街中がきらびやかなイルミネ-ションに覆われた、12月25日・渋谷の町並み。

公園通りの坂道を代々木公園の方へ向かって歩いてると、すれ違うのはカップルがほとんど。他は、女の子の集団。たま~に男どうしや家族連れが通るくらいか……。まさに、この日の渋谷の街は、“クリスマス・ムード一色”に染まっていたと言っても、過言ではあるまい。

そんな聖なる夜を、思いきりムーディでロマンチックなパーティ会場へと昇華してくれた女性がいた。

今宵の古内東子は、SHIBUYA-AXを舞台に、いつもとは一味違ったライブを開催……それが、3人のキーボーディストをバックに従え実践した、“心へ歌を届ける”シンプルなコンサ-トだった。


「toko furuuchi concert tour 2000 "A secret night"」と題し、開催された全国ツアー。今回は、スペシャルな内容ということで、ツアー本数も少なかったうえに、会場もさほど広い場所ではなかったぶん、当コンサートへ参加出来た人は、本当に「ラッキー」と言う言葉が相応しいだろう。なにせ滅多に企画的な色を出さない彼女が、クリスマスを題材にした楽曲演出を施してくれたほどだもの。まさに、"A secret night"というタイトルにピッタリのステージだった。ではさっそくだが、その日の舞台の模様を、拙い言葉を通しながらだが、伝えていこう。

pic by Takeshi Oguni
舞台の上に据えられたのは、グランドピアノと、2組のキーボード群。場内が暗くなり、壮麗なストリングスの調べが流れ始めるや、シンプルなステージの上に、3人のミュージシャンが登場。遅れて古内東子が現れるや、そのまま演奏は、1曲目「恋上手」へ。黒のロングスカートに白のシャツと、とてもシンプルなスタイルで、舞台の上へと現れた彼女は、親指をスカートのポケットに軽く差し込みながら、しっとりとした表情へアレンジされた「恋上手」を切々浪々と歌いあげてゆく。そんなムーディな楽曲の雰囲気に合わせ、バックの巨大なスクリ-ンがほの赤い光に包まれてゆく。

とてもシンプルながらも、一切の無駄がない…。本当に歌声と楽曲の持つム-ドをしっかりと伝えてくれる“演奏”であり“ステ-ジ演出”だ。さりげなくピアノの演奏から始まった「逢いたいから」では、ブルーとグリーンの光がステージ上の古内東子を優しく照らし出していく。

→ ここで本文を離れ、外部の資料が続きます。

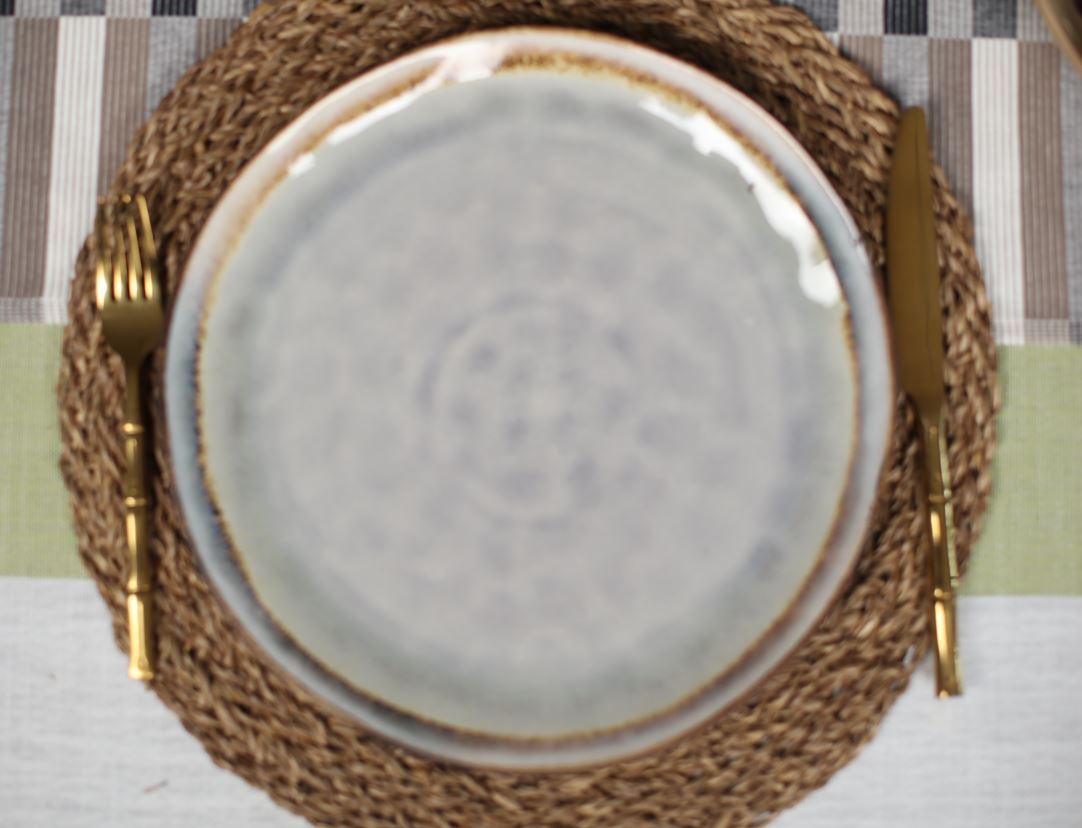 Reactive Glazed Dinner Set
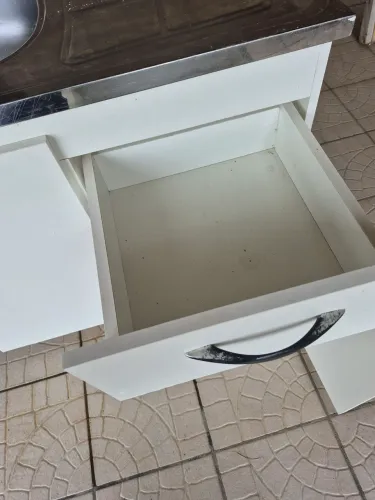 Balcão com pia de inox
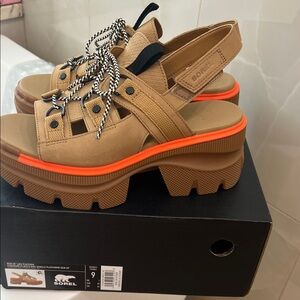 Sorel Women's Tan and Orange Platform Sandals
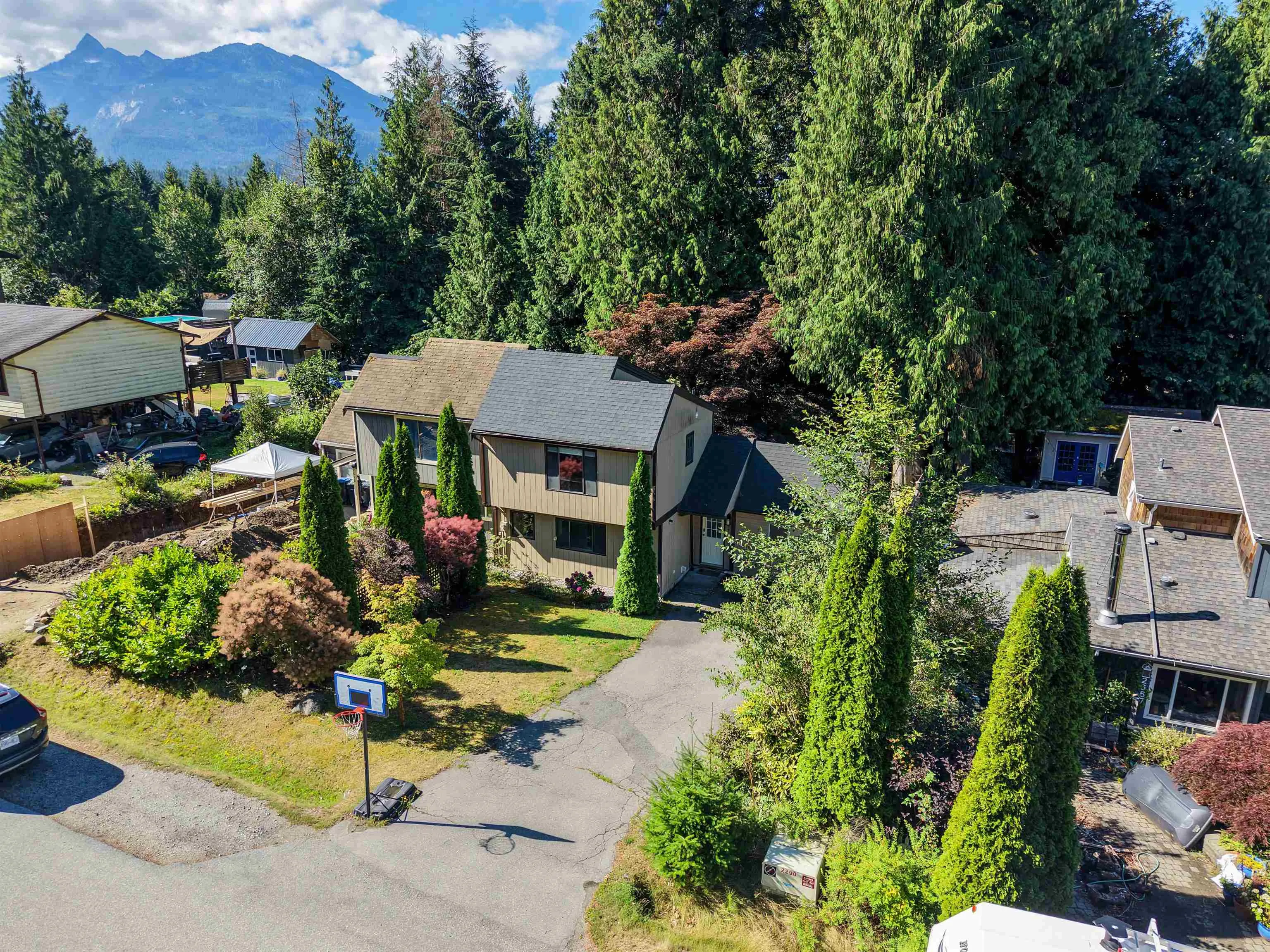 2655 Rhum & Eigg Drive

本当に伝えたい……しっかりと響かせたい。そんな彼女の想いが、はっきりと心へ伝わってくる。

なんてム-ディな演出なんだろう…。

MCでも古内東子は、「
今宵をしっとり、しっぽりとした夜にしていきます」と発言。さらに「今夜はあえてスタンディングな会場にしたので、好きな人と寄り添い、揺れながら楽しんでください」と語りつつ、その言葉へ似合う演出を施し始めていった…。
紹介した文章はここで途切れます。